What happens? The transaction remains open. In most databases, it will hold locks on any rows or tables it modified. These locks prevent other transactions from reading or writing those rows. Your database slowly grinds to a halt as transactions pile up waiting for locks held by a transaction that effectively no longer exists. It’s a ghost locking your data.
Always, always, always ensure your application code has robust error handling that guarantees a transaction is either committed or rolled back. Use try-catch-finally blocks, context managers, or whatever your language provides to make this bulletproof. An open transaction is a loaded gun; never leave one lying around.

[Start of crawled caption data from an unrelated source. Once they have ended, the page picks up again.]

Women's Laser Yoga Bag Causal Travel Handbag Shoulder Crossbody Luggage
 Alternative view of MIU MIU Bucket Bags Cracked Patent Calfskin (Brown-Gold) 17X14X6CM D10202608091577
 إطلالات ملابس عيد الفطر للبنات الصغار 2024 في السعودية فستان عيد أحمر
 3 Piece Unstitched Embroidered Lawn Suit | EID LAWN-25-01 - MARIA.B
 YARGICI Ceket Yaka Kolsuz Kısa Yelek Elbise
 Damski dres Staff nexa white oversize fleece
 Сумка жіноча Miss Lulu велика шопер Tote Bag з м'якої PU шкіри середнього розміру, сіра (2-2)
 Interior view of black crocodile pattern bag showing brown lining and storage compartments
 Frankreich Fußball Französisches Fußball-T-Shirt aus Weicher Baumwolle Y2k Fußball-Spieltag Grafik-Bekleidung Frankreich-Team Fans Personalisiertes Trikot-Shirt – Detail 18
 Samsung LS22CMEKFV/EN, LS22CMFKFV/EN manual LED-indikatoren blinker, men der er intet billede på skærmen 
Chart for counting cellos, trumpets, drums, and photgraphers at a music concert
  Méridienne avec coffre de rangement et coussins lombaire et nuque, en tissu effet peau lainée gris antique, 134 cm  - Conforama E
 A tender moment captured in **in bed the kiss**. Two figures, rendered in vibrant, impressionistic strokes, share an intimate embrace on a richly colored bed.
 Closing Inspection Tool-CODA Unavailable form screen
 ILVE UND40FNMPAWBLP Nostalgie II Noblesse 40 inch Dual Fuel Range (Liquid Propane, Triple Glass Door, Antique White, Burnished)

Savepoints: Your Transaction’s Undo Stack
Sometimes, within a large explicit transaction, you want to be able to roll back part of your work without ditching the whole thing. This is where savepoints come in. They’re like setting a bookmark in your transaction that you can roll back to.
Think of it like playing a video game. Your explicit transaction is the entire level. A savepoint is a quicksave. You can make a risky move, and if it blows up in your face, you can roll back to your quicksave instead of having to restart the entire level (the whole transaction).
BEGIN;
INSERT INTO orders (user_id, total) VALUES (1, 50.00);
SAVEPOINT after_order_created; -- Quicksave here
UPDATE inventory SET stock = stock - 1 WHERE product_id = 101;
-- Oh no! The above statement fails because stock is zero!
ROLLBACK TO SAVEPOINT after_order_created; -- Reload quicksave
-- The failed inventory update is undone, but the order insert is still there.
-- Let's try a different product
UPDATE inventory SET stock = stock - 1 WHERE product_id = 102;
COMMIT;
It’s an incredibly powerful tool for complex business logic. You can nest them, too (SAVEPOINT point_a, SAVEPOINT point_b, ROLLBACK TO point_a). Just remember, rolling back to a savepoint doesn’t release any locks you’ve acquired since then. Use them, but use them wisely. They’re a clear sign your transaction might be getting a bit too complex, but hey, sometimes reality is complex. The designers got this one right.